You are not logged in.
I have been experiencing random system hangs for the past month or so, and it seems to be getting more frequent.
Pastebin (0x0.st) links with some relevant logs and system info:
system info (neofetch, installed kernels and headers, GPU drivers and modules)
journalctl logs for boots -0, -1, -2, -3, -4, -5 (boot -0 is full log, others are for priority -p err)
What happens when the system hangs:
Completely unresponsive; ctrl+alt+del, SysRq, ctrl+alt+Fx (for opening terminal login prompt) all do nothing.
The only option is a hard reboot.
Occasionally the system just reboots itself, though this is more rare compared to the usual complete freezing.

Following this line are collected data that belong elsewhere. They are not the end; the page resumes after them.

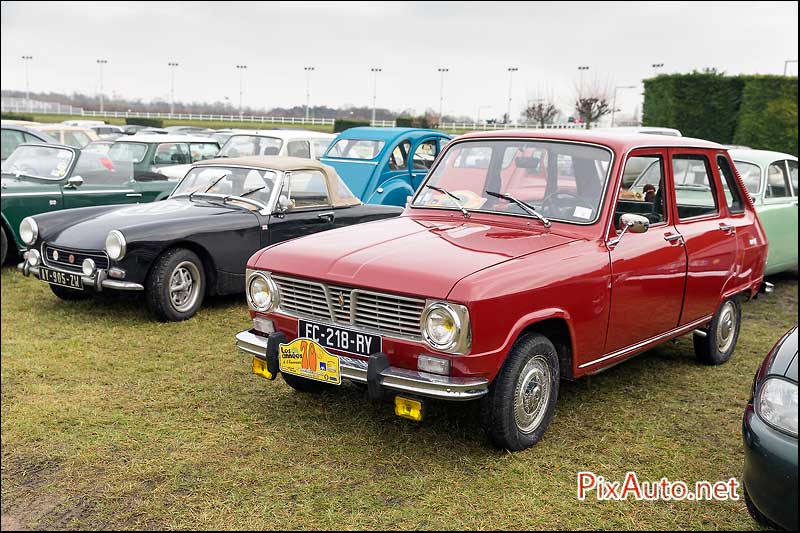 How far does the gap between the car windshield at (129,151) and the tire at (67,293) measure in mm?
4097

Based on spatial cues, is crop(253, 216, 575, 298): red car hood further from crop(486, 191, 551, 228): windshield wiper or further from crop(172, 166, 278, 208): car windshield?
crop(172, 166, 278, 208): car windshield

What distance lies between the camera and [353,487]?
398 cm

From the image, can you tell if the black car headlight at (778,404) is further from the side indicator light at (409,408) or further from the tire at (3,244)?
the tire at (3,244)

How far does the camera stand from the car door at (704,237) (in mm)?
5621

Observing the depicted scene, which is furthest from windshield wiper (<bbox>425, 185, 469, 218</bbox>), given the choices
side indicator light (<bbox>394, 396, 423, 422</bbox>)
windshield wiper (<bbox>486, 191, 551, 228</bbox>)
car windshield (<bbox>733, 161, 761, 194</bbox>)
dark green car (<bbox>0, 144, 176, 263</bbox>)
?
dark green car (<bbox>0, 144, 176, 263</bbox>)

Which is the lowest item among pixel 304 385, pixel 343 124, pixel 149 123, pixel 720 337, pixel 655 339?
pixel 304 385

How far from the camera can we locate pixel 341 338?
4.32 metres

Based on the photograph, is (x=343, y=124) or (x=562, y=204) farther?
(x=343, y=124)

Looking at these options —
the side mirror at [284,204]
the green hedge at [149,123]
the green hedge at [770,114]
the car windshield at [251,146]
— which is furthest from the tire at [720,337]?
the green hedge at [149,123]

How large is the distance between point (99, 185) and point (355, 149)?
4210 mm

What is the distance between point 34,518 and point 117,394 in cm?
168

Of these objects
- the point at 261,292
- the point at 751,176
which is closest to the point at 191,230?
the point at 261,292

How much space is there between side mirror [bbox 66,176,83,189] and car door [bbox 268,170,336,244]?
3.19 meters

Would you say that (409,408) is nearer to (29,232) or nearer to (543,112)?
(29,232) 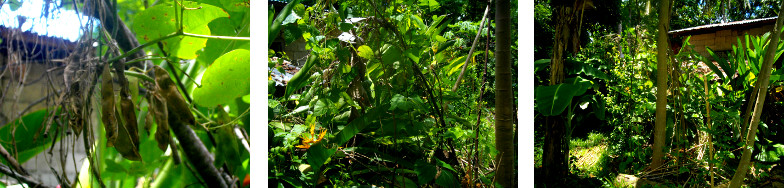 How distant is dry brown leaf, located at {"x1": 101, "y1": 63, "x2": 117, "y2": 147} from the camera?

No discernible pattern about when or why it happens; sometimes it can be only after a few minutes of rebooting, sometimes several hours.
I am not performing any particularly CPU or memory intensive tasks when it happens.
It seems to happen less frequently when I stop using a Unitek USB hub (with Ethernet port); but I strongly suspect this is just a coincidental correlation and not the cause, as before these issues started I would be using that same device nonstop with zero problems.
Some history about either particular quirks of my laptop, or hardware changes, that may help in troubleshooting the cause (though again, the system hang issues did not start immediately after any of these changes):
The laptop has currently no battery installed.
The battery became severely swollen over time, due to my unawareness that leaving the power supply plugged in constantly and not letting the battery discharge occasionally is bad practice.
It was so swollen that the clicking function of the touchpad had become borderline unusable.
Since removing the battery, the touchpad is back to normal.
The "k" key on the on-board keyboard does not function, which I suspect was damaged due to the swollen battery.
The power supply currently used is not the OEM, replaced about 1 year ago.
The OEM power supply had the following specs:
AC Input: 100-240V, 3.6A, 50/60Hz
DC Output: 19.5V, 11.8A
Power: 230W
The replacement has almost identical specs, except the AC Input current rating is 2.9A instead of 3.6A.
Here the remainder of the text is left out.